Mülheim. . Gesundheitsminister Laumann informiert sich im Haus Ruhrgarten in Mülheim über das Pflegekonzept mit Therapien und deutlich mehr Personal.
Zur Kaffeezeit herrscht am Mittwoch Rummel im Haus Ruhrgarten. Zwischen alten Leuten, die behutsam Kuchenteller auf ihren Rollatoren transportierten, erscheint plötzlich Karl-Josef Laumann, Landesminister für Arbeit, Gesundheit und Soziales, mit vielköpfiger Entourage. Die Evangelische Altenhilfe Mülheim, die das Pflegeheim betreibt, möchte Laumann von ihrem besonderen Konzept überzeugen und hat zum Fachgespräch geladen. Im Mittelpunkt: die Möglichkeiten, alte Menschen wieder so fit zu machen, dass sie nach Hause zurückkehren können.
Teilnehmer der Runde sind u.a.

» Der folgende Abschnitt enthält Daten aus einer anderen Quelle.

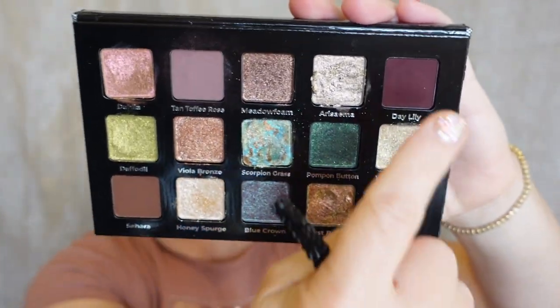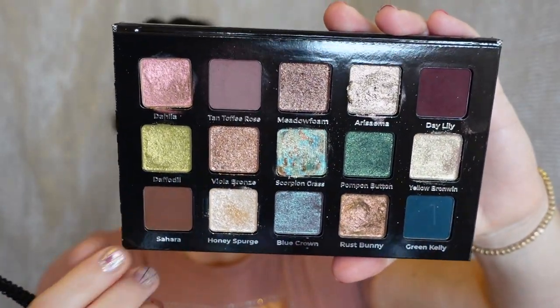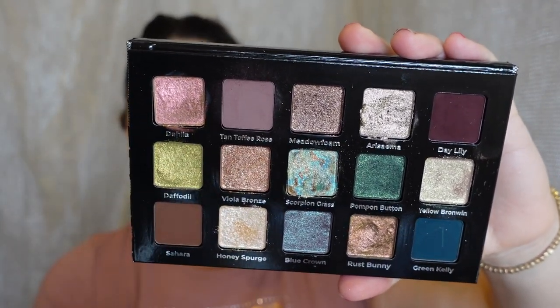So I'm going to go into Tan Toffee Rose, which is one of four mattes — that's all you're getting in this palette, four mattes. One of my biggest issues with this palette is that there are only four mattes and they are incredibly pigmented and very, very deep. With the exception of Tan Toffee Rose, I wish they would have put two more mattes in this palette — then I think it would have been perfect.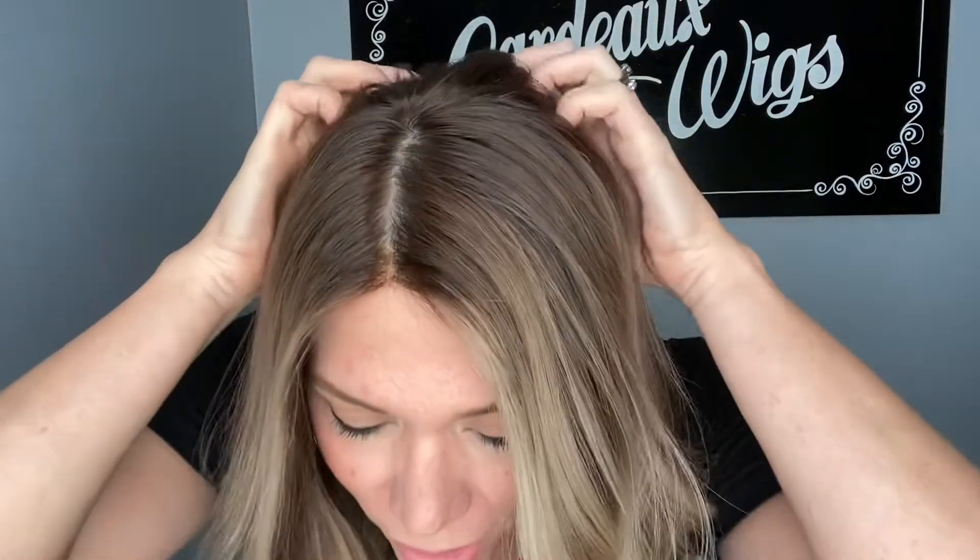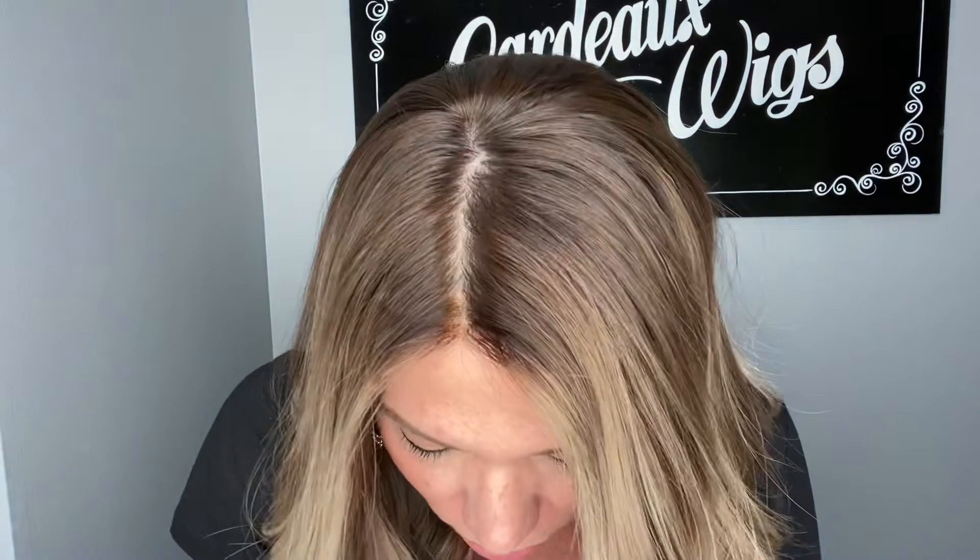Hey everybody, it's Rachel here with Gardo Wigs. Right now I have on wig number 5198. This is a medium cap wig with a closed wefted cap. It's got a silk top and a lace front. It's got a kind of ashy to neutral balayage.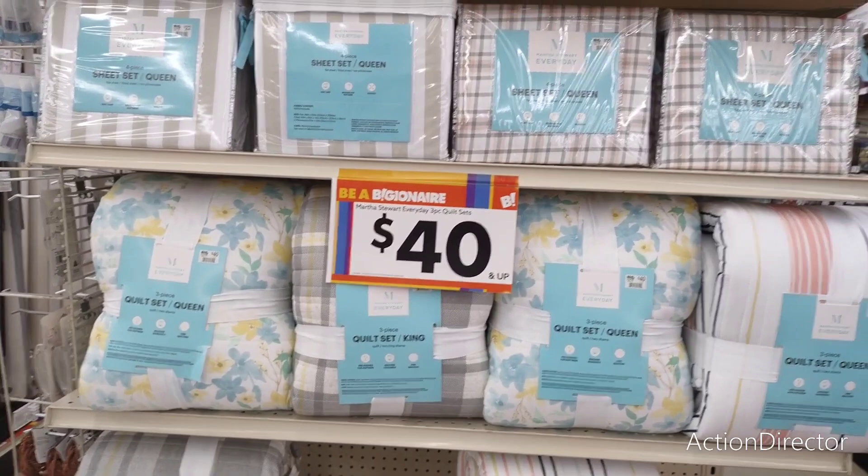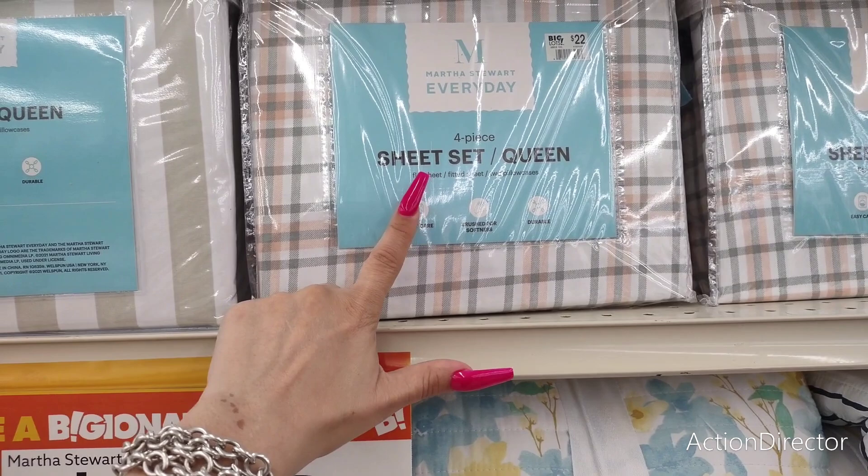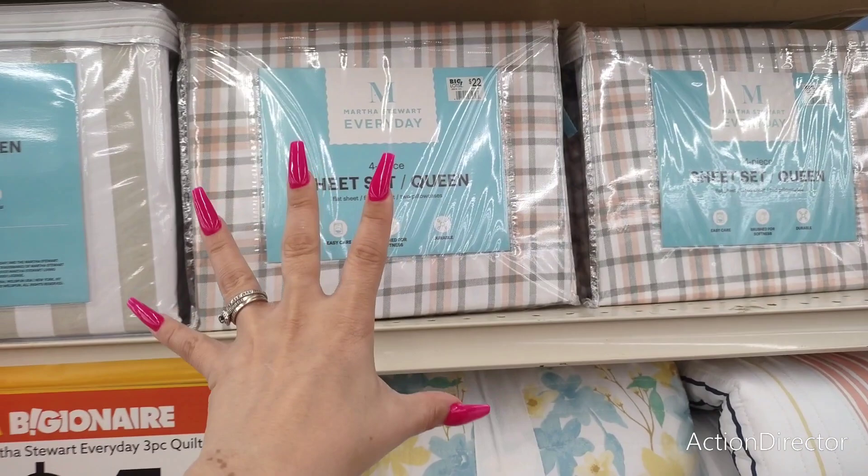These are the three different patterns I'm seeing. They also have the sheet set — this is the four-piece for $22. It's a four-piece sheet set. You get the flat sheet, the fitted sheet, and the two pillowcases.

Vertreter von Diakonie, Pflegekassen, MDK, die Leitungen des Mülheimer Sozialamtes und der Heimaufsicht sowie der Neurologe Prof. Dr. Markus Jüptner, der Haus Ruhrgarten medizinisch begleitet.
Lichttherapie und Bewegungstraining
Ziel der Begegnung ist laut Pflegedienstleiter Oskar Dierbach, „die Kostenträger und den Minister aus erster Hand über die therapeutischen Möglichkeiten stationärer Pflege zu informieren“. Im Haus Ruhrgarten, das mit dem zugehörigen Haus Ruhrblick insgesamt 113 Pflegeplätze bietet, wird zum Beispiel Lichttherapie eingesetzt, um den Tag-Nacht-Rhythmus ohne Medikamente zu stabilisieren. Neben Physiotherapeuten, die auf Rezept behandeln, werden über den Förderverein eine Gymnastiklehrerin und eine Motopädin finanziert, die die Senioren in Bewegung bringen, etwa Treppensteigen trainieren.
Generell verfügt das Heim über einen deutlich höheren Personalschlüssel als üblich: „Wir haben 7,5 Stellen mehr als Häuser vergleichbarer Größe“, erklärt Dierbach. Dafür entsprechend höhere Pflegesätze, aber auch die feste Überzeugung, dass es sich unterm Strich rechnet. „Wir haben eine Menge positiver Erfahrungen gemacht, Menschen durch therapeutische Pflege wieder auf die Beine zu bringen“, berichtet Dierbach.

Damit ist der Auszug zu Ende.